Task to carry out
Everything from the line with "You can pick them up at" to the end of the data below, both lines included, should be transcribed exactly; please omit the pictures.
'''
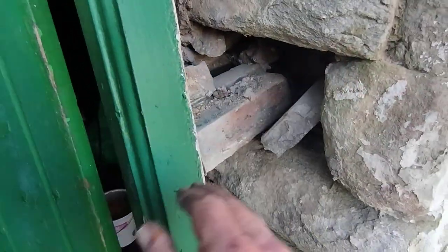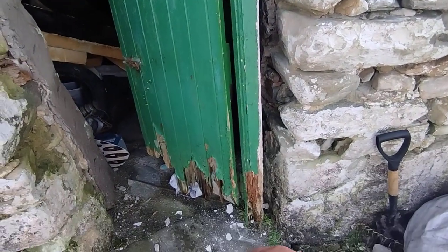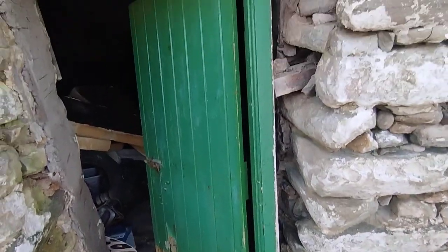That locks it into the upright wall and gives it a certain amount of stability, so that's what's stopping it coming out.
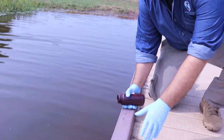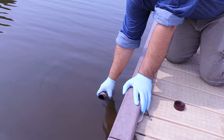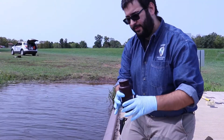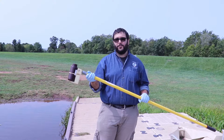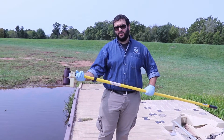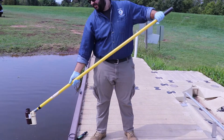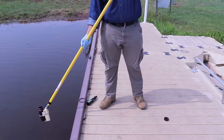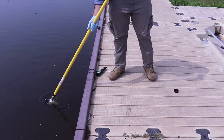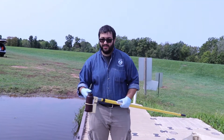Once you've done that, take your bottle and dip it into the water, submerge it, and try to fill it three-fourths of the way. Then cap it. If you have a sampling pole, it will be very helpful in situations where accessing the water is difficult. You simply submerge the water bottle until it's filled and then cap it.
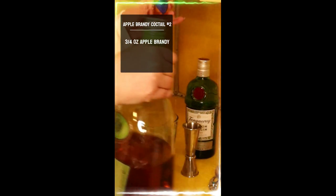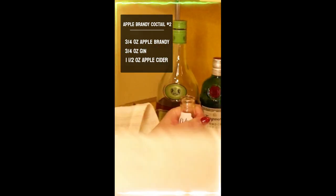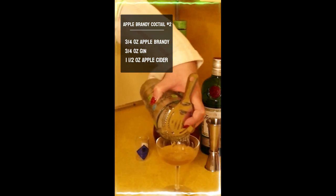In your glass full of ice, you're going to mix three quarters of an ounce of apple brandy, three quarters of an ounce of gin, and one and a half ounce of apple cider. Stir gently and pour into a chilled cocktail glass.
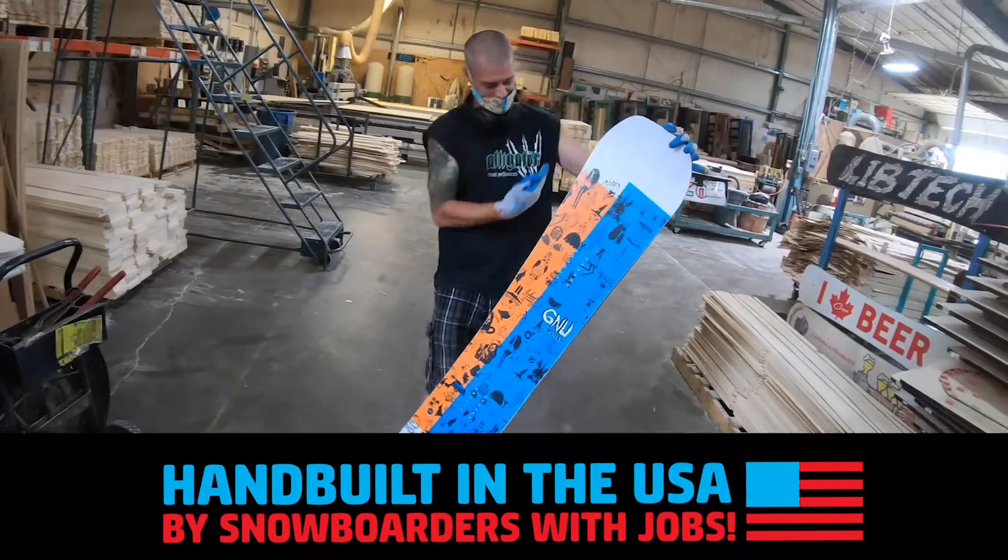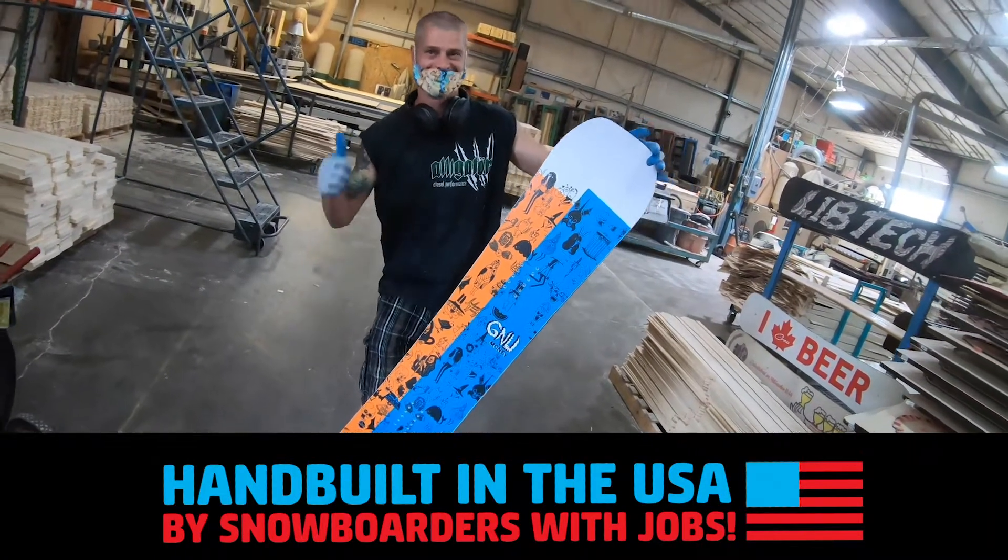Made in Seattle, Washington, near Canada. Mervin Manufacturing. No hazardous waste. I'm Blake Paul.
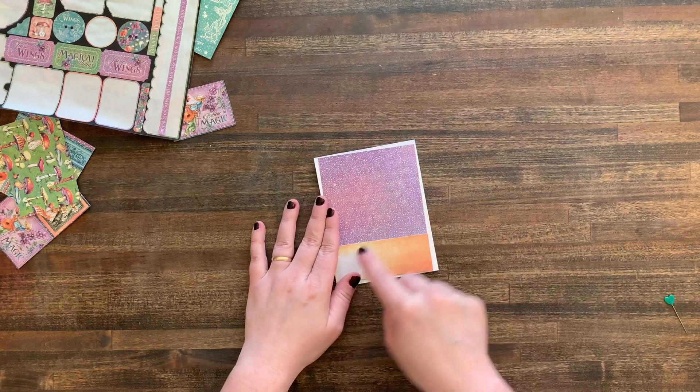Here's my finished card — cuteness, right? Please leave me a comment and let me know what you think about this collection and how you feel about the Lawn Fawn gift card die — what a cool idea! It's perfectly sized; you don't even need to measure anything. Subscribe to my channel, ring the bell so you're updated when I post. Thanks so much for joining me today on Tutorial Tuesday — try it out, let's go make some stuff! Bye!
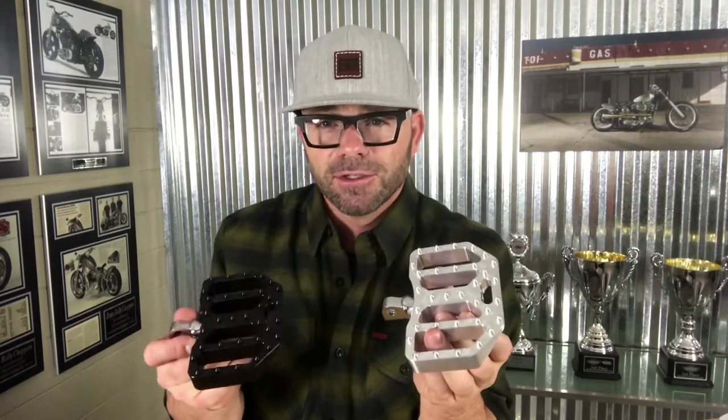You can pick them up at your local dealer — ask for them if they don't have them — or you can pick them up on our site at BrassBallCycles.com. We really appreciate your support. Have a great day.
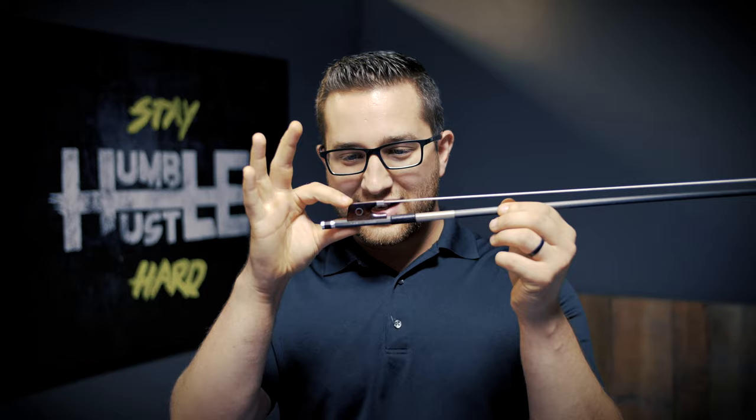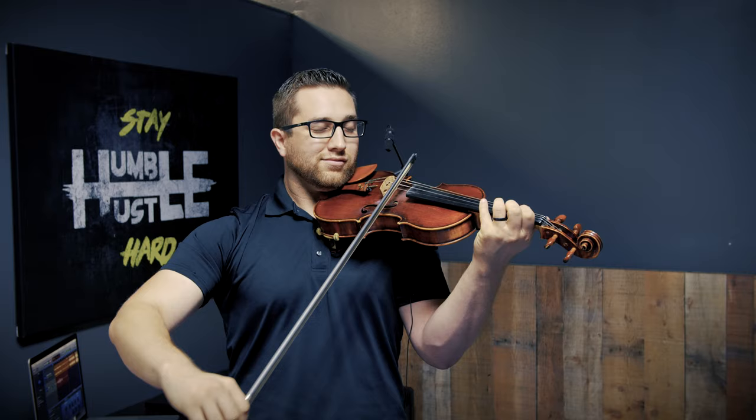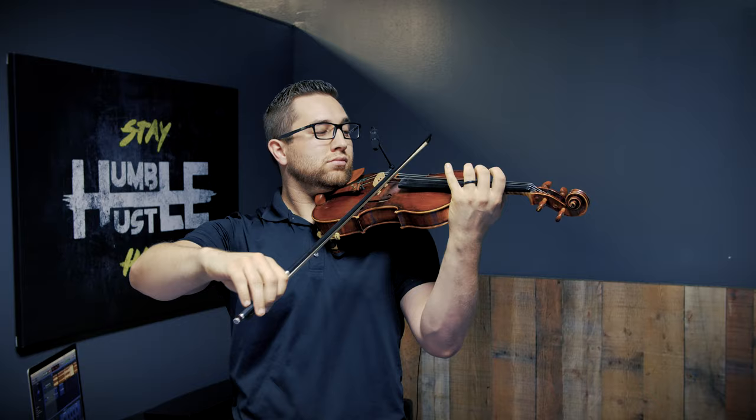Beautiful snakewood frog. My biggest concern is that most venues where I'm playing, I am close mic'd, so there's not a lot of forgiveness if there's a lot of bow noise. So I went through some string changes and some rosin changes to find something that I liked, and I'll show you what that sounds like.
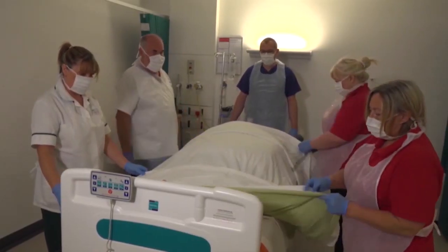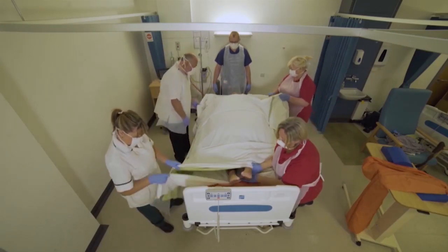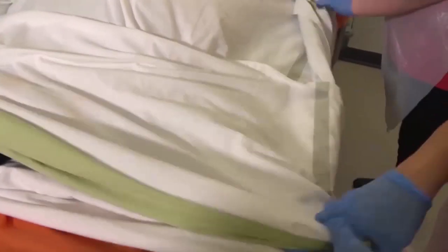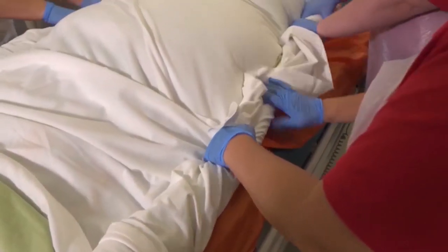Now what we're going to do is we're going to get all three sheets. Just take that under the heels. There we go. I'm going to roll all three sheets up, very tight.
'''
Task answer
You can pick them up at your local dealer — ask for them if they don't have them — or you can pick them up on our site at BrassBallCycles.com. We really appreciate your support. Have a great day.
Beautiful snakewood frog. My biggest concern is that most venues where I'm playing, I am close mic'd, so there's not a lot of forgiveness if there's a lot of bow noise. So I went through some string changes and some rosin changes to find something that I liked, and I'll show you what that sounds like.
Now what we're going to do is we're going to get all three sheets. Just take that under the heels. There we go. I'm going to roll all three sheets up, very tight.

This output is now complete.